La Dépêche de Kabylie : Vous étiez impliqué dans le mouvement citoyen et dans les événements d’avril 2001. La revendication phare était la

reconnaissance de tamazight comme langue nationale et officielle. Comment a été votre réaction après son inscription dans la constitution en 2016 ?

Djamel Yahiaoui : Avant de répondre à votre question, je dois rendre un vibrant hommage à l’ensemble des militants et acteurs de la revendication identitaire en Algérie, et plus particulièrement en Kabylie, en plus des journalistes et des intellectuels qui se sont sacrifiés pour cette cause démocratique. L’officialisation de tamazight et son inscription dans la constitution est un acquis de longues et douloureuses années de lutte de tout un peuple. C’est un grand acquis du mouvement identitaire, rendu possible grâce aux sacrifices des militants, d’intellectuels et de citoyens algériens. Mais il faut préciser que beaucoup reste à faire, car il ne suffit pas d’inscrire tamazight dans la constitution. Il faut mettre à sa disposition les moyens humains, matériels et financiers nécessaires pour son épanouissement, sa promotion et son développement en une langue des sciences, de littérature et une langue qu’on pourra utilisée dans notre quotidien et dans nos échanges. En plus de cela, il faut officialiser tamazight sur l’ensemble du territoire algérien et pas uniquement à l’échelle de quelques wilayas. Il faut aussi lever le caractère facultatif ou optionnel pour son enseignement. Il faut que tamazight soit enseignée dans nos écoles au même titre que les langues arabe, française, anglaise… Je dirais, donc, que notre combat se poursuit toujours, pour que l’État reconnaisse entièrement cette langue.

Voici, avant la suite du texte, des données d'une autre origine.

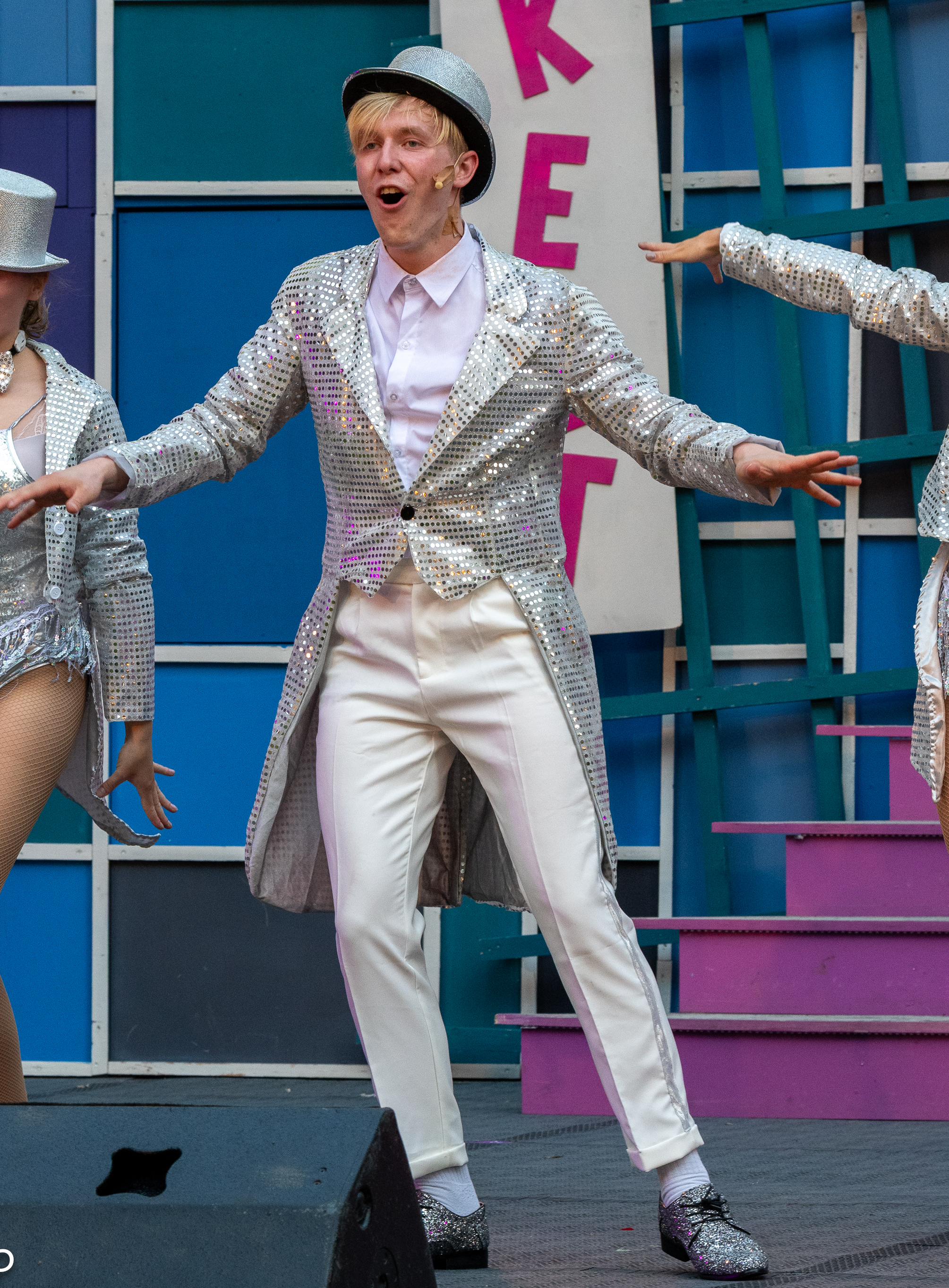 Tänzer auf der Musical-Bühne in Glitzer-Kleidung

Quels sont ces moyens qui doivent être mis au service de Tamazight au stade actuel ?

En premier lieu, il faut procéder à la création effective de l’académie berbère. Ce cadre officiel, pédagogique et scientifique, devra disposer de l’ensemble des moyens humains et matériels pour assurer, d’un côté, les travaux de la recherche pour la promotion de cette langue et, d’un autre, sa promotion et son utilisation dans la vie quotidienne des Algériens, plus particulièrement dans les administrations publiques et les écoles à travers tout le pays. Il faut aussi investir d’une manière durable dans la formation des instituteurs en langue amazighe, notamment pour satisfaire le processus de sa généralisation dans l’enseignement. Il faut aussi réadapter les textes et règlements officiels, de manière à permettre l’introduction de tamazight dans les administrations, les entreprises et la vie quotidienne des Algériens.

Selon vous, le combat pour Tamazight doit se poursuivre de quelle manière ?

Effectivement le combat et la lutte doivent se poursuivre d’une manière pacifique, comme c’est toujours le cas à travers l’histoire de l’Algérie. Les militants et les citoyens doivent rester mobilisés au service de cette cause noble, car il faut rappeler à chaque fois la nécessité de la généralisation de tamazight en Algérie, mais surtout afin d’éviter la reproduction des erreurs que nous avons commis dans le passé, notamment concernant la généralisation de la langue arabe. Cette dernière a été officialisée et généralisée depuis les années 1970 mais sans moyens et sans pédagogie, et le constat est bien clair aujourd’hui. Je dirais, donc, qu’il faut établir une feuille de route bien étudiée et bien méthodique pour le processus de généralisation de tamazight. Il ne faut pas aussi négliger nos compétences et nos expériences, notamment dans les domaines de la recherche, de l’enseignement et de la promotion de tamazight, qui serviront pour sa généralisation.

Un débat a suivi l’officialisation de Tamazight, concernant les caractères qui devront être adoptés pour sa transcription. Que pensez-vous

de ce débat ?

Je dirais que tamazight a besoin actuellement d’objectivité, de recherche et de débats scientifiques. La question de sa transcription doit revenir aux spécialistes et aux chercheurs. Ce débat doit sortir de la scène politique et même sociale, et il doit revenir aux spécialistes qui travailleront en toute objectivité et sincérité.